Kitesurfing incidents at St Kilda

From Kbv:

Two incidents at StKilda today highlighted the need for greater care at StKilda.

Incident one involved a kiter tentatively launching his kite so near to the seawall that when he immediately hot landed the kite it hit two parked cars in Pier Road.

From the outset there appeared to be a series of signals that all was not well. When readying for launch [by an experienced kiter] he was directly upwind of his kite. The experienced kiter correctly waved him around to the edge of the window so as not to create a hot launch. The kiter appeared reluctant to take the directive however until the launcher was satisfied with the kiters position he rightly did not let go.

The kite moved up and quickly into the power zone - it was the obvious the kiter did not know what he was doing and the kite luckily dived and crashed - but into two parked cars beyond the seawall. The kiter was only pulled forward a few meters.

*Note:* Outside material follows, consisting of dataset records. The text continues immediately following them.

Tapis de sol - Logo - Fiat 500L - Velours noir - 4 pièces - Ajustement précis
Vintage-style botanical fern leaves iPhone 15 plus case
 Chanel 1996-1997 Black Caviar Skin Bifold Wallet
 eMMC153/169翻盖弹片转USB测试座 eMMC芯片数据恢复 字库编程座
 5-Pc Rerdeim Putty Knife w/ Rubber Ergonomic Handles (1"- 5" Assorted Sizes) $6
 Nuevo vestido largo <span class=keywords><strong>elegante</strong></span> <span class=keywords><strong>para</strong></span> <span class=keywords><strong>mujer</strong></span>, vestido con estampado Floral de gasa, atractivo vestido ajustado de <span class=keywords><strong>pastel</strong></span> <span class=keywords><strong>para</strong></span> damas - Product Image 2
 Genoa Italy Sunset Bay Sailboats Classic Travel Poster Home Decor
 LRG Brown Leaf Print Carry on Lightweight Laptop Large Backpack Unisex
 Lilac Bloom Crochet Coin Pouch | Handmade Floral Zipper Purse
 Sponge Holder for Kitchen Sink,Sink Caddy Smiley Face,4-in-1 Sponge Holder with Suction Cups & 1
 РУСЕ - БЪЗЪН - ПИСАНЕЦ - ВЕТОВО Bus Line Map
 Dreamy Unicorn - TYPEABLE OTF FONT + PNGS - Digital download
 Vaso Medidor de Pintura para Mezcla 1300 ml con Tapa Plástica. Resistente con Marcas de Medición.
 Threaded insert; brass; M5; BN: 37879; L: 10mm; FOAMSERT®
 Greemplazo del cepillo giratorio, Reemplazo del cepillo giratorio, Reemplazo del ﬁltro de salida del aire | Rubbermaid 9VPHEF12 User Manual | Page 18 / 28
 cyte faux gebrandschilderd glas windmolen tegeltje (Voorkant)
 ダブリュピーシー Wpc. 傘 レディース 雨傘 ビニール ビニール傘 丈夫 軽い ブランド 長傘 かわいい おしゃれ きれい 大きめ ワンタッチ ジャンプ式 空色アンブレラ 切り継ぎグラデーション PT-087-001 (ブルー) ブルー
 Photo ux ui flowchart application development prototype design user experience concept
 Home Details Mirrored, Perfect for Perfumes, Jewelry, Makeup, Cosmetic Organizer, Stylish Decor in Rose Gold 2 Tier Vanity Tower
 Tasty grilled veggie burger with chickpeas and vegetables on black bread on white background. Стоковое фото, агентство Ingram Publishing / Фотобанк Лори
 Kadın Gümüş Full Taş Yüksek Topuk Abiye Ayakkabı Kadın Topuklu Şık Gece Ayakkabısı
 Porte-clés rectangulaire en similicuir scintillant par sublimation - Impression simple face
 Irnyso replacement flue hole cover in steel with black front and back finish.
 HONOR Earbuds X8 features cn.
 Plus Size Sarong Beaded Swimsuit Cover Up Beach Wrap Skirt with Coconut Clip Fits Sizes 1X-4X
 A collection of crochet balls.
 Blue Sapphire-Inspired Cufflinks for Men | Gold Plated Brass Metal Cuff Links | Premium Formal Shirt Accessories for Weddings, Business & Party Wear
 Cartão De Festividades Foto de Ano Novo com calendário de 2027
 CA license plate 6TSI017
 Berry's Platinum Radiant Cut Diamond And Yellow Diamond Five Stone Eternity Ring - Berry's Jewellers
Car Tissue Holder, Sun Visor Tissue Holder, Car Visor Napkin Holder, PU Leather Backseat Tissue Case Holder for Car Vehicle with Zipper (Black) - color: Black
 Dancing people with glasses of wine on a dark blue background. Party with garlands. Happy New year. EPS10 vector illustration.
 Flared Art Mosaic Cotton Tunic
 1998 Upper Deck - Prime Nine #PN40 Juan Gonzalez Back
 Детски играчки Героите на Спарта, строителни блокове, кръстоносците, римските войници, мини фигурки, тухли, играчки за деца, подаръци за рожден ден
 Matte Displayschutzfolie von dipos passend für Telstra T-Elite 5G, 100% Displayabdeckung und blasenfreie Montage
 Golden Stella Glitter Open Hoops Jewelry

What was obvious was that whilst the beach was over 100 meters wide at the area near to launch [low tide] the launch was only 15meters from the Seawall. This is too close to pedestrians and parked cars.

Incident two involved an experienced kiter walking his kite at 12.00 oclock next to the seawall near to the main StKilda Kite Beach entrance. The kiter appeared to be returning a borrowed board and had a brief discussion with a uniformed instructor. Sadly the instructor did not tell the kiter to immediately move back from the seawall.

This is really scary as any gear failure at this time or a freak gust may result in the kite landing in traffic on Beaconsfield Parade. What carnage could follow I will leave to the imagination but as a two lane busy thoroughfare it would likely not be pretty either for the kiter, who gets dragged by his lines as the kite wraps around the front of a car/truck travelling at 60k, for the pedestrians that have lines cutting across them powered by the now well kite-wrapped vehicle and anchored by the now seawall-impaled kiter, and the parked vehicles and street side pedestrians now being crushed by the out of control emergency braking kite-blinded vehicle. It's too scary to think about.

It's only after the police/coroner immediately close the beach to kiters and then the council imposes their complete ban on kiting at StKilda, that we will all say kites should have never been flown near the seawall. But it will all be too late.

As a suggestion for anyone kiting at St Kilda, please stay at least 25 meters away from the seawall along what is now a designated kite beach.